Não vamos generalizar, mas numa Corte Superior com trinta e três ministros, que deveria ser representada por luminares do Direito, causa espécie saber que pelo menos nove sequer possuem obra publicada (Antônio Carlos Ferreira, Benedito Gonçalves, Félix Fischer, Francisco Falcão – atual presidente da Corte –, João Otávio de Noronha, Jorge Mussi, Laurita Hilário Vaz, Raul Araújo Filho e Sebastião Alves dos Reis Júnior).
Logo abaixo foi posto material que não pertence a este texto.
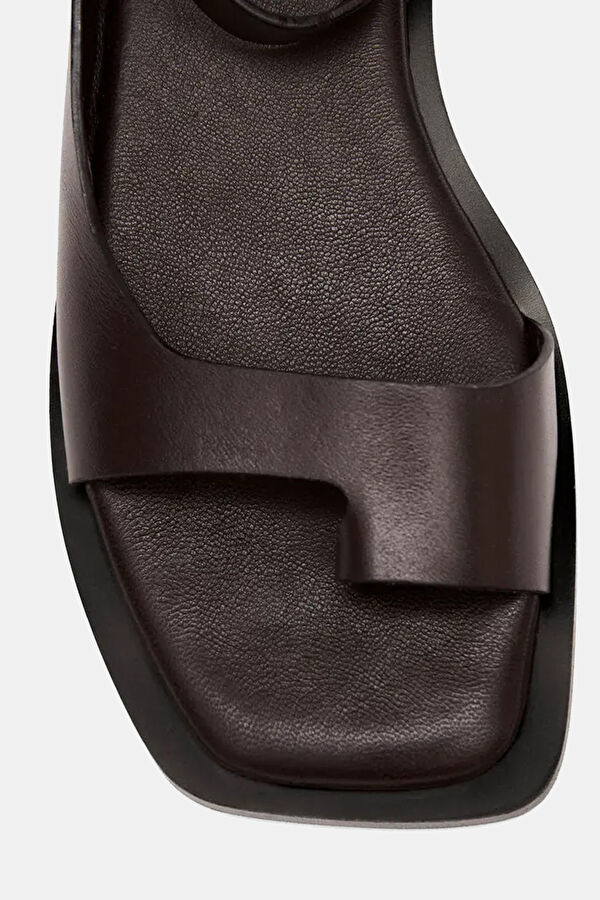 Tebas Leather Kahve Kadın Sandalet 4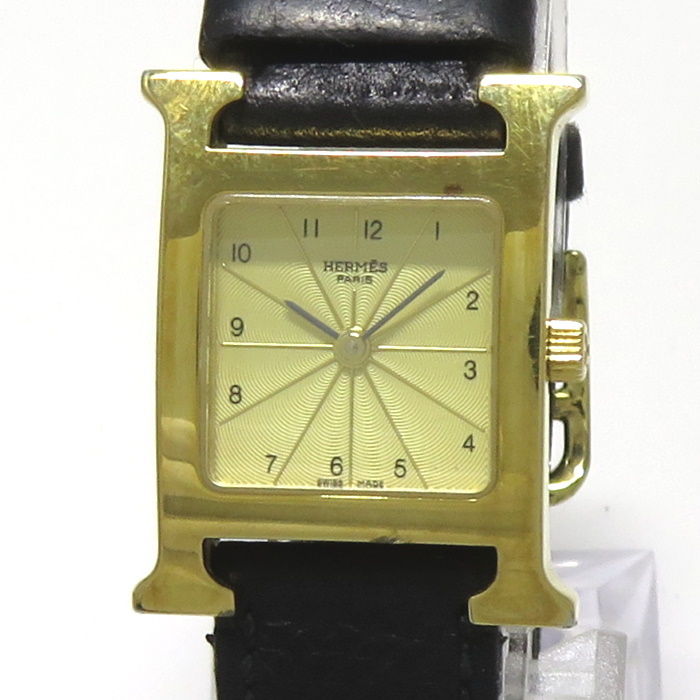 【中古】HERMES Hウォッチ レディース 腕時計 クオーツ SS GP レザーベルト ブラック ゴールド文字盤 □I刻印 HH1.201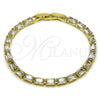 Oro Laminado Tennis Bracelet, Gold Filled Style Baguette Design, with White Cubic Zirconia, Polished, Golden Finish, 03.213.0345.07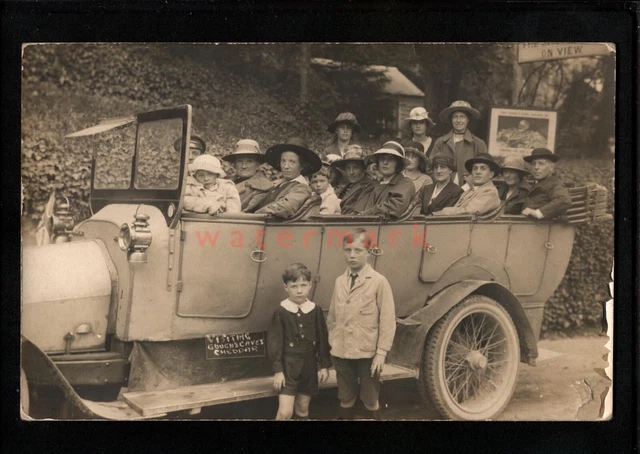 CHEDDAR Somerset CHARABANC VISITING GOUGH'S CAVE REAL PHOTO PC E20C - UK3393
E, talvez por falta de brasileiro nato, foram até buscar um alemão naturalizado para ministro.
Os incisos I e II do artigo 104 da Constituição Federal, diz que o STJ é composto “um terço dentre juízes dos Tribunais Regionais Federais e um terço dentre desembargadores dos Tribunais de Justiça, e um terço, em partes iguais, dentre advogados e membros do Ministério Público Federal, Estadual, do Distrito Federal e dos Territórios, alternadamente”.
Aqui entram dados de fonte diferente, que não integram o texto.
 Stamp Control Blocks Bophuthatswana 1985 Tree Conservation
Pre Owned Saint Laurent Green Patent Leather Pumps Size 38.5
Ocorre que vários ministros, que entraram no STJ como juízes de TRF´s e desembargadores de Tribunais de Justiça, não tiveram sua origem na magistratura, ou seja, nunca foram juízes (como mandaria a lógica) e, com a investidura nos Tribunais estaduais e Regionais Federais, em vez de concorrerem pelo quinto de origem, passam a concorrer ao STJ como magistrados, sem terem feito concurso para tal, usurpando, desta forma, as vagas dos suados magistrados de carreira. É evidente que não têm culpa, se a lei é falha. Mas, com isto, os juízes de carreira são prejudicados. Não deveria ter chegado ao STJ como desembargador ou juiz de TRF quem não foi juiz na origem.
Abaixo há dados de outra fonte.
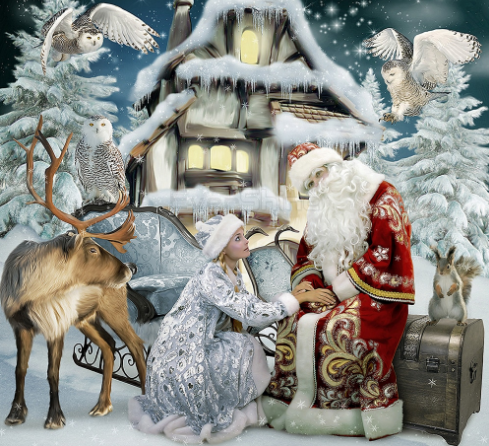 Santa Claus and Girl on Christmas - Diamond Painting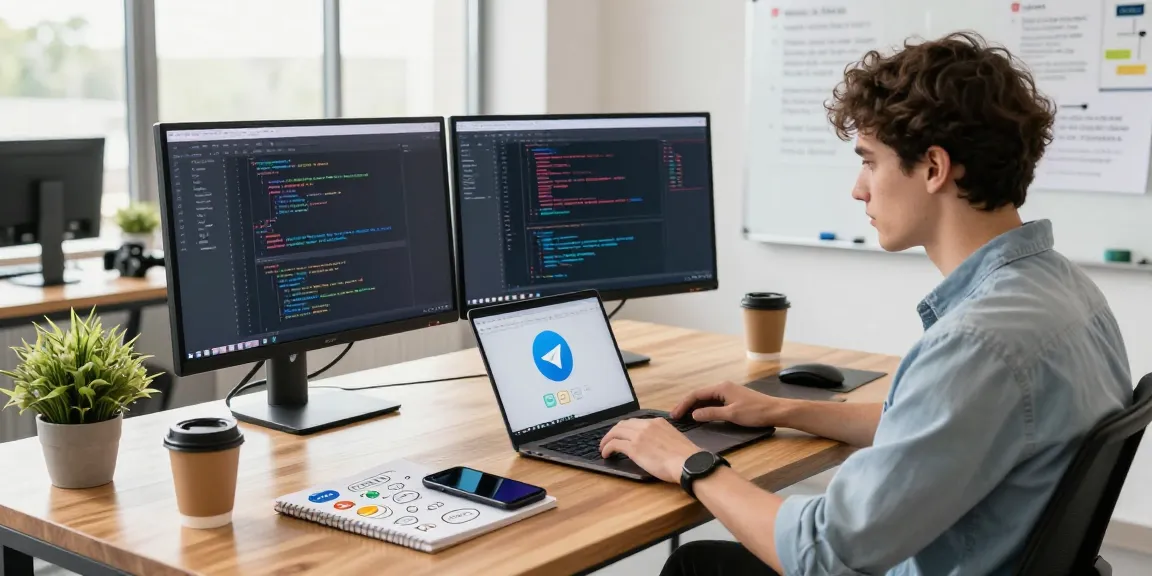 Download Telegram app in a modern tech workspace with dual monitors and coding.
Entraram na magistratura por esse espúrio quinto: Francisco Falcão (entrou pela OAB no TRF-5, de onde veio para o STJ), Humberto Martins (entrou no TJ/AL pelo quinto do MP), Jorge Mussi (concorreu como desembargador do TJ-SC, mas ali chegou pelo quinto da OAB), Marcelo Navarro Ribeiro Dantas (veio para o STJ na cota de juiz de TRF-5, mas ali entrou pelo quinto do MP/RN) e Raul Araújo Filho (concorreu como desembargador do TJ-CE, aonde chegou pelo quinto da OAB, e com três anos de “magistratura” aportou ao STJ, superando nada menos que 1.575 candidatos em potencial, muitos com expressiva carreira; coisa de “gênio”).
Entraram efetivamente pela classe da OAB, com apadrinhamento ou não, mas legalmente: Antonio Carlos Ferreira OAB/SP), João Otávio de Noronha (OAB/MG), Maria Thereza Rocha de Assis Moura (OAB/SP), Sebastião Alves dos Reis Júnior (OAB/MG), Herman Benjamin (MP/SP), Maria Isabel Gallotti (MP/RJ), Mauro Campbell Marques (MP/AM) e Ricardo Villas Bôas Cueva (OAB/SP).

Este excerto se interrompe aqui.